The story of Blind Lemon Kraftwerk is a powerful cautionary tale of the music industry's appalling and continued abuse and exploitation of authentic cultures. Like many German musicians of the 1970s, they had a pioneering role in the development of black culture and hip-hop music, and their authentic cultural heritage was stolen by the wily New York MC and turned into Detroit techno and gangsta rap.

Mutter, wie ich liebe dich, wie ich liebe dich.


Early German blues music traces its origins to such Krautblues artists as Blind Lemon Karlheinz Stockhausen, Blind Lemon Walter Wendy Carlos, Blind Lemon Conny Plank and Blind Lemon Radiophonic Workshop. The last in particular was responsible for the powerfully influential and much-copied "Doctor Who Theme" riff and its haunting symphonic lyricism.

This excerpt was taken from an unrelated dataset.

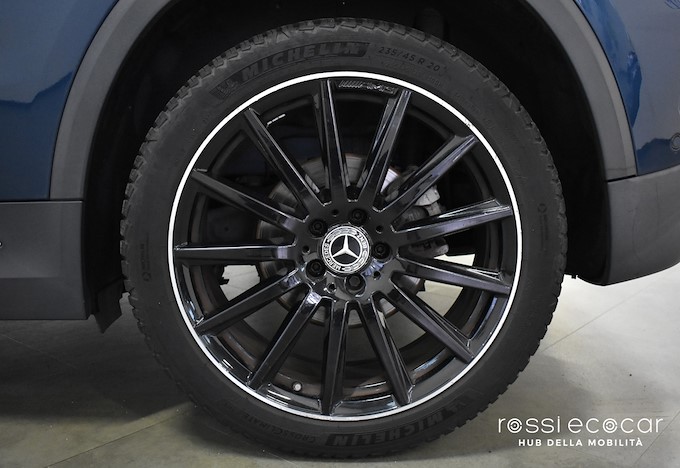 MERCEDES-BENZ GLA 200 d Automatic Premium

Krautblues was born in Germany, raised in the wretchedness of the Marshall Plan and forged in the furnace of social democracy. It is the music of a beaten but unoppressed people, unique because of its honesty, dignity, defiance, and its ultimate middle-class truth.

Early success

Blind Lemon Kraftwerk formed when Mississippi Ralf Hütter and Lightnin' Florian Schneider met on the banks of the Kling Klang delta in Düsseldorf. They discovered a common interest in the authentic Krautblues culture and how to deal with encroaching American cultural influence.

Their breakthrough album was 1975's Fahr'n Fahr'n Fahr'n Auf Der Autobahn Blues, with the title track's haunting symphonic lyricism:

Fahr'n fahr'n fahr'n auf der Autobahn
Fahr'n fahr'n fahr'n auf der Autobahn
Ich habe der fahr'n fahr'n fahr'n auf der Autobahn blues.[citation needed]

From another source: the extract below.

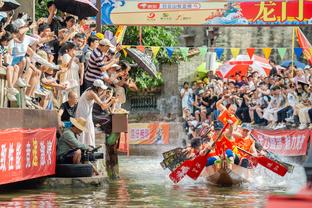 状态出色！申京半场10中6砍下14分4板2助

This popularised the twelve-bar motorik beat, as used by fellow Germans Television on their punk rock hit "Marquee Moon".

The band's US record company attempted to "clean up" their image for the American market.

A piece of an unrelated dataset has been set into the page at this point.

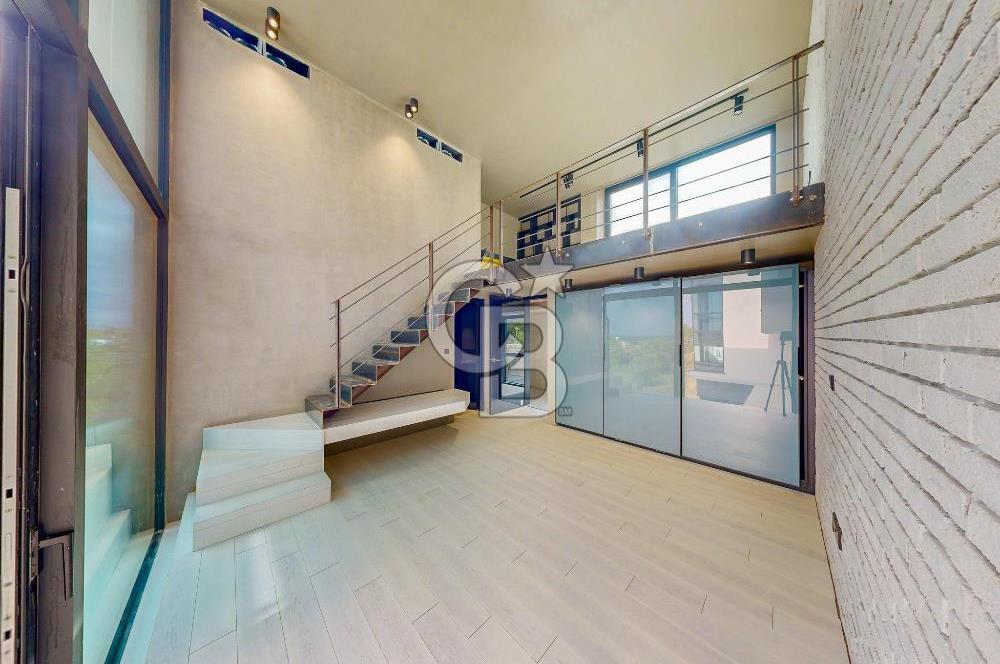 KKTC Girne Zeytinlik'te Satılık Özel Tasarım Türk Koçanlı 5+1 Lüks Villa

Blind Lemon Kraftwerk's haunting symphonic lyricism deals with postwar European delta life and cultural poverty — riding in the back of the car on the Autobahn, riding in the back of the train across Europe, using home computers (from the back of the operating system) and the like. The lyrics are minimal but reveal a deep and passionate grasp of the very fabric of life and community in the Düsseldorf delta — a strong sense of alienation existing side-by-side with a celebration of the joys of working in a bank. An excellent example is "Das Modell", from their followup album Die Girlymenschmaschine:

Sheee ist a model ant she'ss lookink goot
I'd like to take her home viz me, zat's unterstoot
Ich habe der fahr'n fahr'n fahr'n auf der Autobahn blues.

How the black man stole the Krautblues

Their 1978 album, Trans-Delta Express, featuring the hit song "The Krautblues Had A Baby And They Called It Eurodisco", made its way to New York, where Afrika Bambaataa and Colonel Arthur Baker heard a copy and promptly ripped it off for their dancefloor hit "Pat Boone Presents Planet Rock":

I am ze operator viz my pimps and ho's
I am ze operator viz my pimps and ho's
I've got those fun fun fun on der Autobahn blues.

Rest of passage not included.